Exercise description: After locating the line that contains "Luxury 2 Story House for Sale in Homagama", quote it and all lines after it through the end of the entries, and nothing more. Pictures stay out.

Data for review:
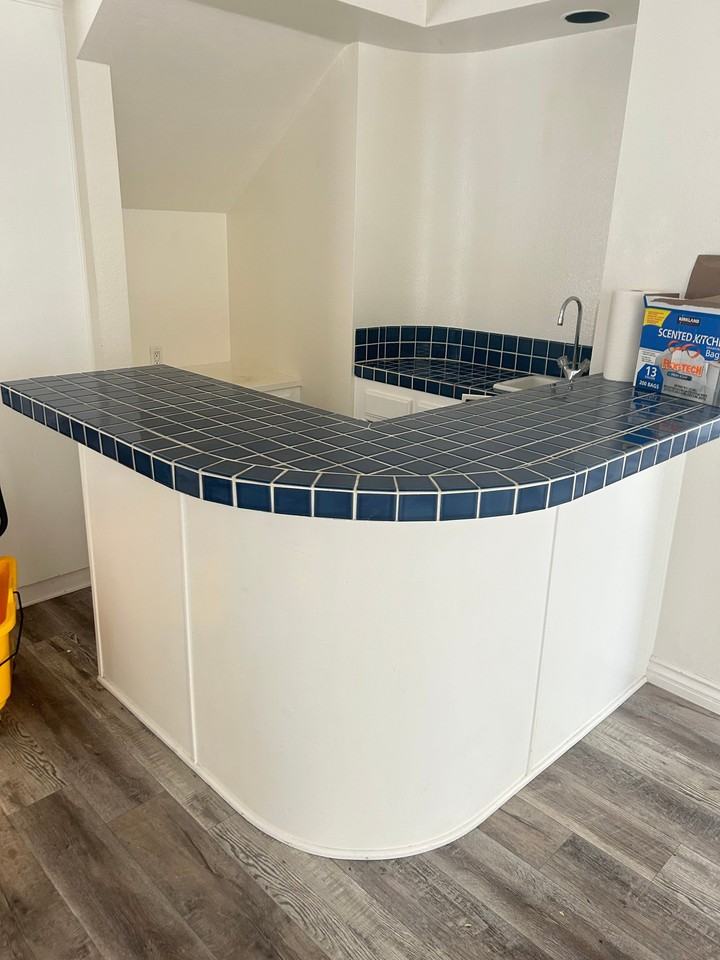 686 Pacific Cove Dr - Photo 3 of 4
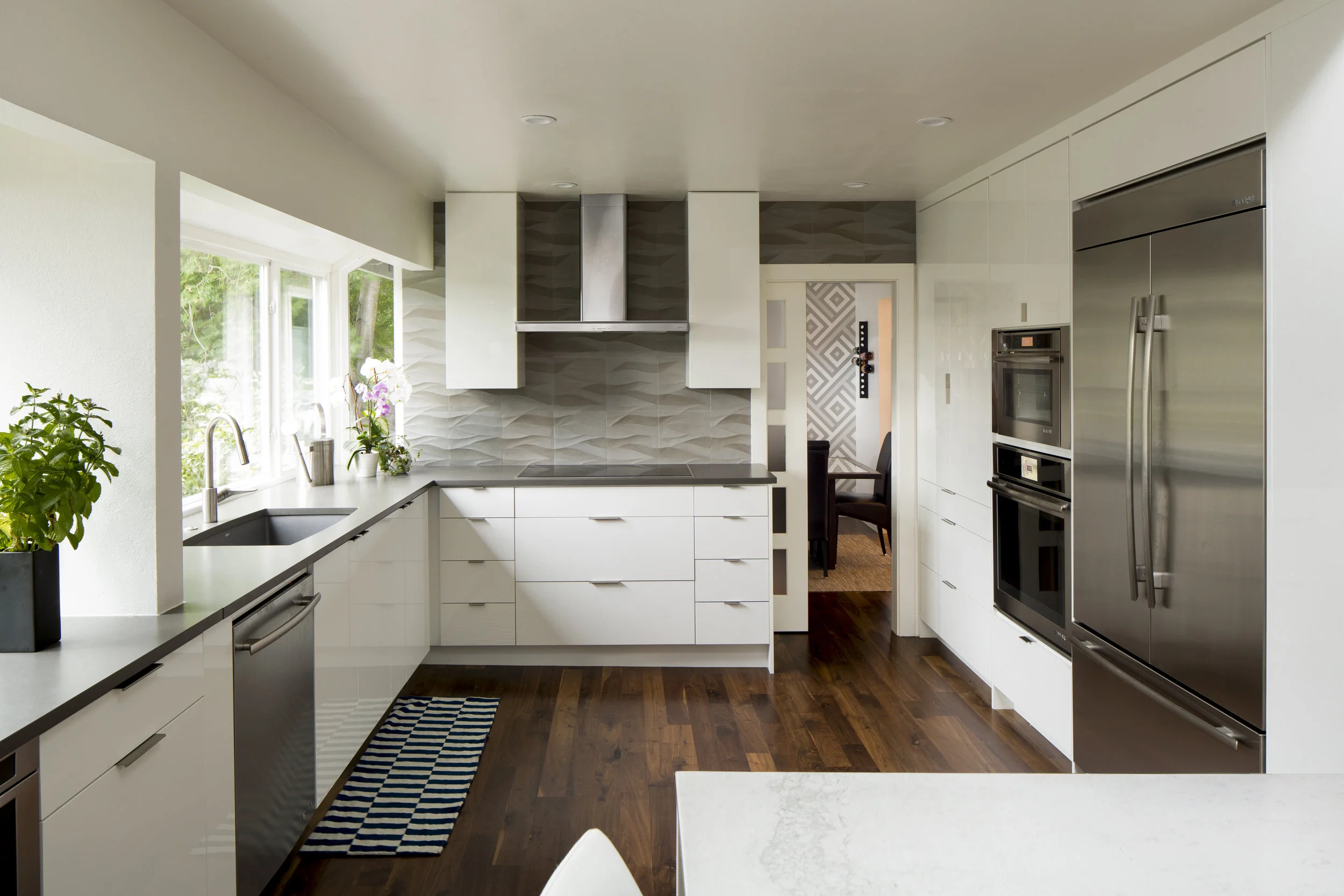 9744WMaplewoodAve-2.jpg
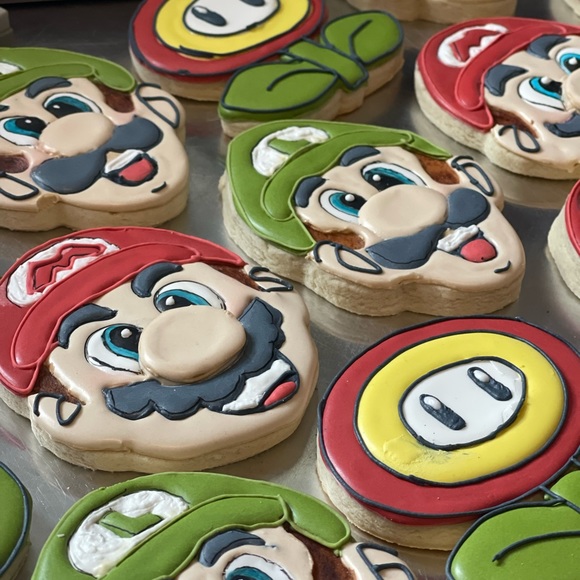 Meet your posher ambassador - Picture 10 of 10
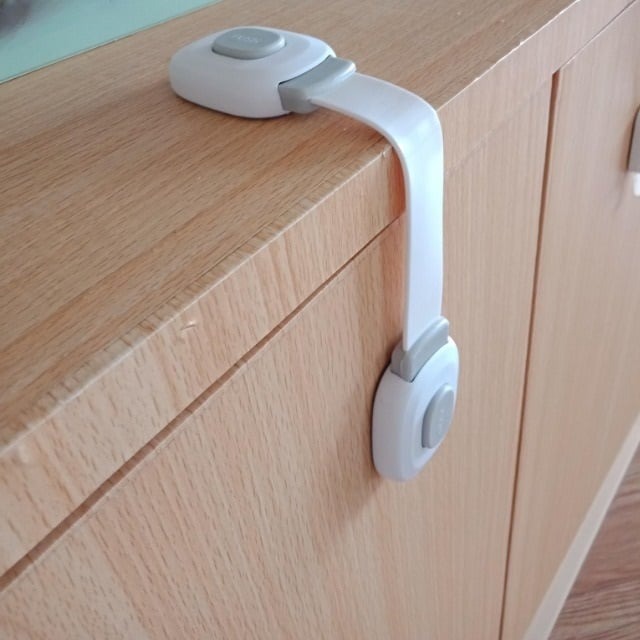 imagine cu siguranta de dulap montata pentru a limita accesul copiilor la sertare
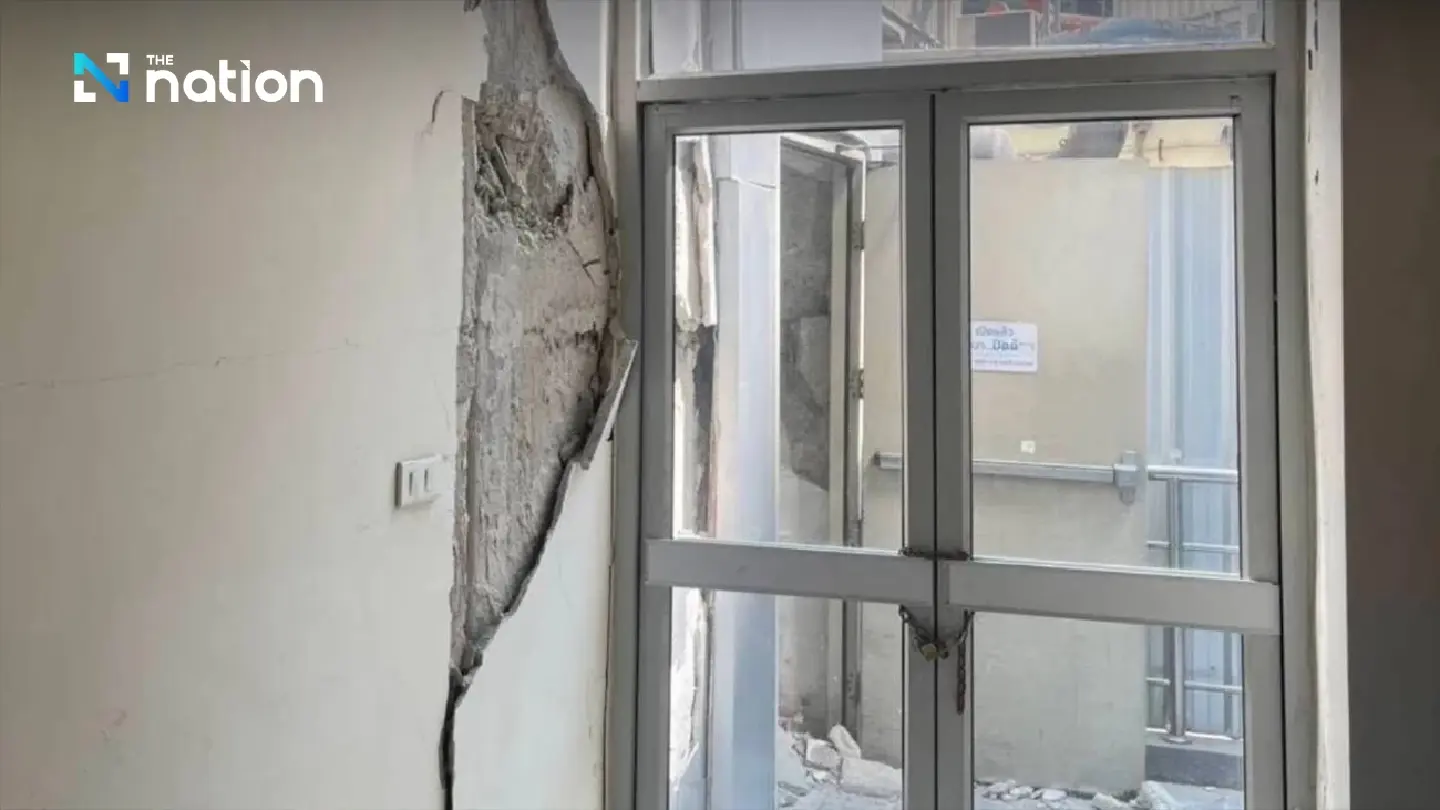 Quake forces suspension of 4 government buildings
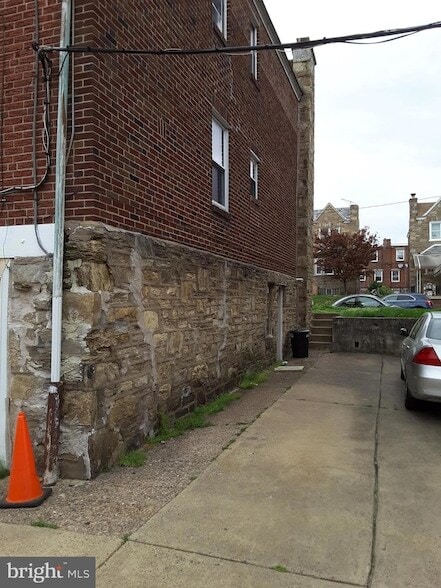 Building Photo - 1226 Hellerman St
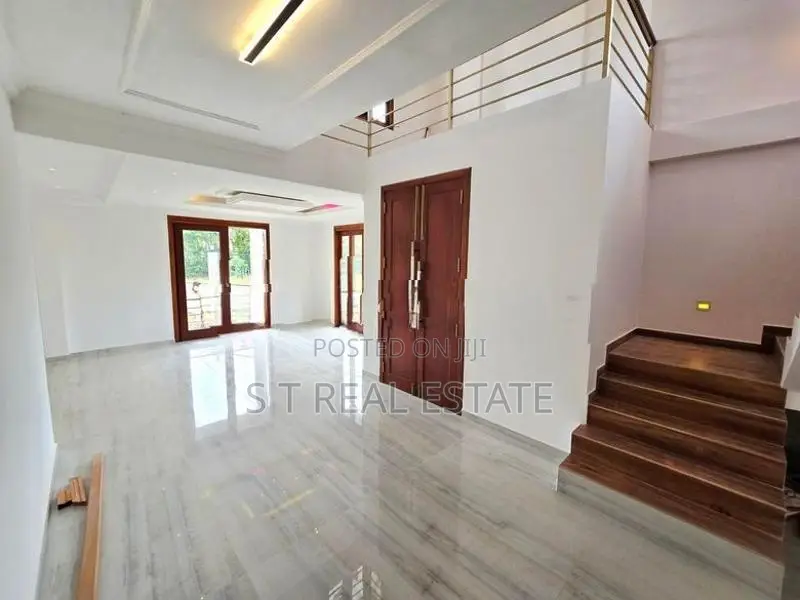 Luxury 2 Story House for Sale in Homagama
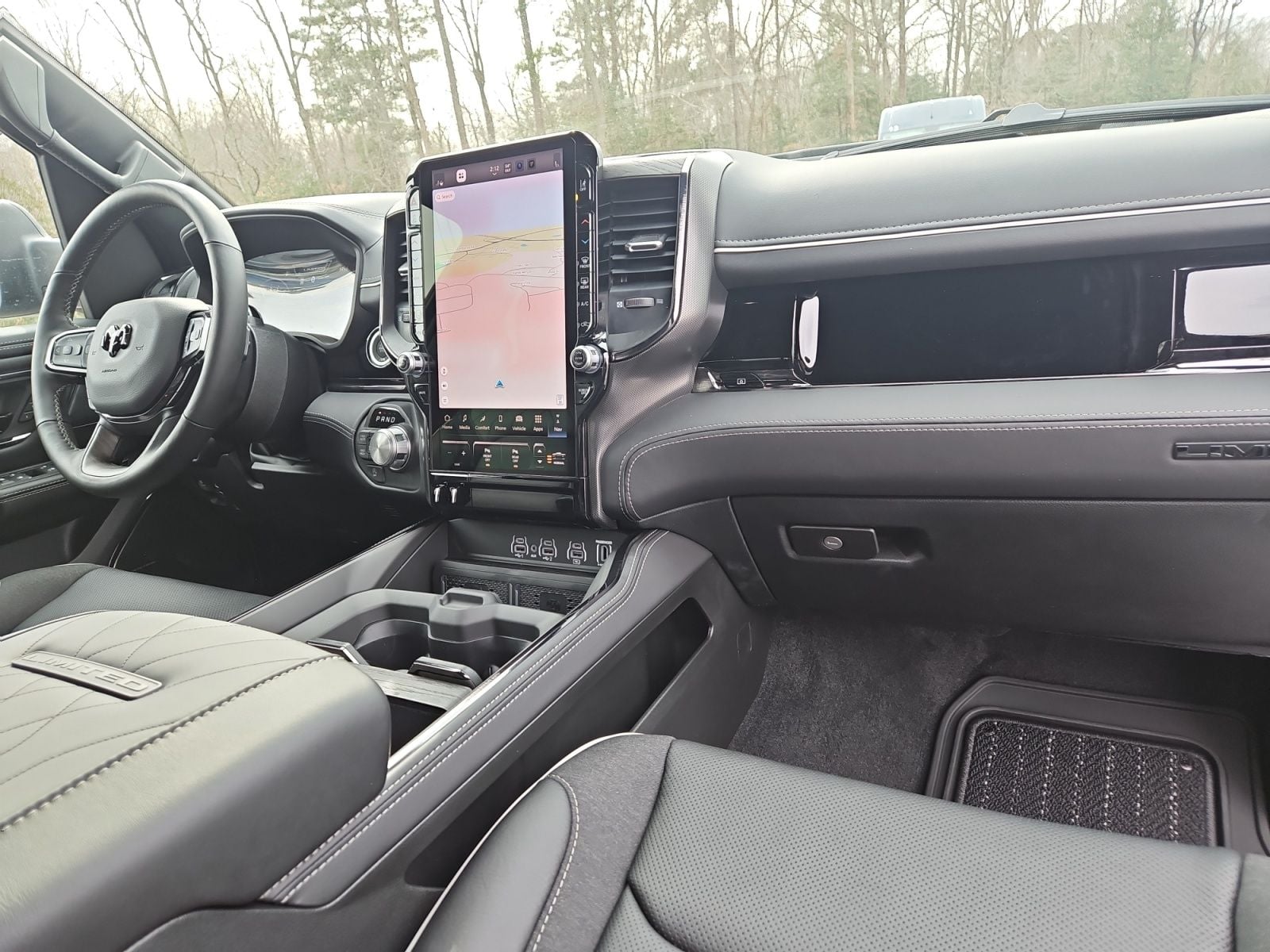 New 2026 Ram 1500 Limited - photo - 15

Problem solution:
 Luxury 2 Story House for Sale in Homagama
 New 2026 Ram 1500 Limited - photo - 15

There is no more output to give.